Die Begrüßung und Moderation erfolgte durch Daniel Hegglin. Er gab einen kurzen Ausblick über die Agenda des heutigen Webinares und wies darauf hin, dass das Bartgeier-Wiederansiedlungsprojekt als Vorbild für viele Artenschutzprojekte gilt. Nur selten konnte eine ausgestorbene Tierart mit einer so geringen Reproduktion wieder flächendeckend – wie hier in den Alpen – angesiedelt werden.

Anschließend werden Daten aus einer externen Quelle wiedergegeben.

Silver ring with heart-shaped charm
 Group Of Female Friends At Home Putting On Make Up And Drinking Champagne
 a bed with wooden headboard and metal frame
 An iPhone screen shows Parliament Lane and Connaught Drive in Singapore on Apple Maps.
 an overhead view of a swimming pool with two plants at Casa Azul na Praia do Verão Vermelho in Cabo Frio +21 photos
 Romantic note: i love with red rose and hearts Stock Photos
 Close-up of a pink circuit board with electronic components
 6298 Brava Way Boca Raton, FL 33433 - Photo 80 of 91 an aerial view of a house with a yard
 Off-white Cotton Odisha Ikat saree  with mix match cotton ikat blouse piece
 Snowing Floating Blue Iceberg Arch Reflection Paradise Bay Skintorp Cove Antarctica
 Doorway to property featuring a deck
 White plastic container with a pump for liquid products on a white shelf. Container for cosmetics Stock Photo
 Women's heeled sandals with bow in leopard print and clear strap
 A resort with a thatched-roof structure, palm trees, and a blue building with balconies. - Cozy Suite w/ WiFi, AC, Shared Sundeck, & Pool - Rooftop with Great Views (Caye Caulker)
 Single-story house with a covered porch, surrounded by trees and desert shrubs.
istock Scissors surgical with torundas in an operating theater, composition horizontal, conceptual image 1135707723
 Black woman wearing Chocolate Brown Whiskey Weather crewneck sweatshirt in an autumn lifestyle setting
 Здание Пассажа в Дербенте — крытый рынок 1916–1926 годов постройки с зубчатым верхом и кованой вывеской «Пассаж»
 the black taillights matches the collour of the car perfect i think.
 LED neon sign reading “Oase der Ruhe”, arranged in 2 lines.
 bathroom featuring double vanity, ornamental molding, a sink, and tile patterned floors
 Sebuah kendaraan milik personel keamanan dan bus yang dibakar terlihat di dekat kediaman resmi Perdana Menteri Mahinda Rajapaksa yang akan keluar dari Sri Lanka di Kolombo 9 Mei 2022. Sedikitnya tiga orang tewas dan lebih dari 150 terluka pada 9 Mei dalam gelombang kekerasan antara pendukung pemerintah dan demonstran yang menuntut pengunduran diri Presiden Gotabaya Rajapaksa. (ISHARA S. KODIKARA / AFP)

Der erste Vortrag kam von Alex Llopis Dell, EEP-Koordinator und VCF Vulture Captive Breeding Manager. EEP steht für das Europäischen Erhaltungszuchtprogramme, an dem sich viele Naturschutzorganisationen, Zoos und Privatleute beteiligen. Er stellte die Ergebnisse des Brutjahres 2020 und die Erwartungen für die kommenden Jahre vor. Bei der Bartgeierzucht ist das Verpaaren erwachsener Geier sehr schwierig und in der Vergangenheit verstarben sogar einige Exemplare bei dem Versuch. Daher ist das Einhalten der Zuchtvorgaben und Leitlinien sehr wichtig. Das Bartgeierprojekt wird von 34 (meist) europäischen Zoos, 2 privaten Partnern und 3 Auffangstationen unterstützt. Außerdem gibt es drei große und zwei kleinere spezialisierte Brutcentren. Insgesamt umfasst der Bestand 181 Bartgeier. In 2020 (2019) gab es 41 (40) Brutpaare, die 71 (65) Eier legten. Davon waren 53 (44) befruchtet und 38 (36) Küken schlüpften. 25 (30) wurden erfolgreich flügge. Leider gab es im Vergleich zum Vorjahr deutlich mehr Ei-/Küken-Verluste während der Bebrütung und Aufzucht. Dies lag vermutlich an den Folgen der Corona-Pandemie, da die Brutpaare nur mit absolut minimalem Personal betreut und daher weniger beobachtet werden konnten. Außerdem war der Transport von Küken zu Ammen-Eltern in anderen Ländern weitestgehend eingeschränkt oder verboten, so dass Küken unerfahrenen Ammen-Geiern anvertraut werden mussten. Covid führte somit zur größten Krise seit Beginn des Wiederansiedlungsprojektes in 1978. Von den 25 überlebenden Küken blieben 4 im Zuchtprogramm und 21 konnten ausgewildert werden: 8 Bartgeier gingen nach Andalusien, 5 nach Grands Causses, 2 nach Baronnies (Voralpen), 2 nach Vercors (Voralpen), 2 in die Schweiz und 2 nach Maestrazgo.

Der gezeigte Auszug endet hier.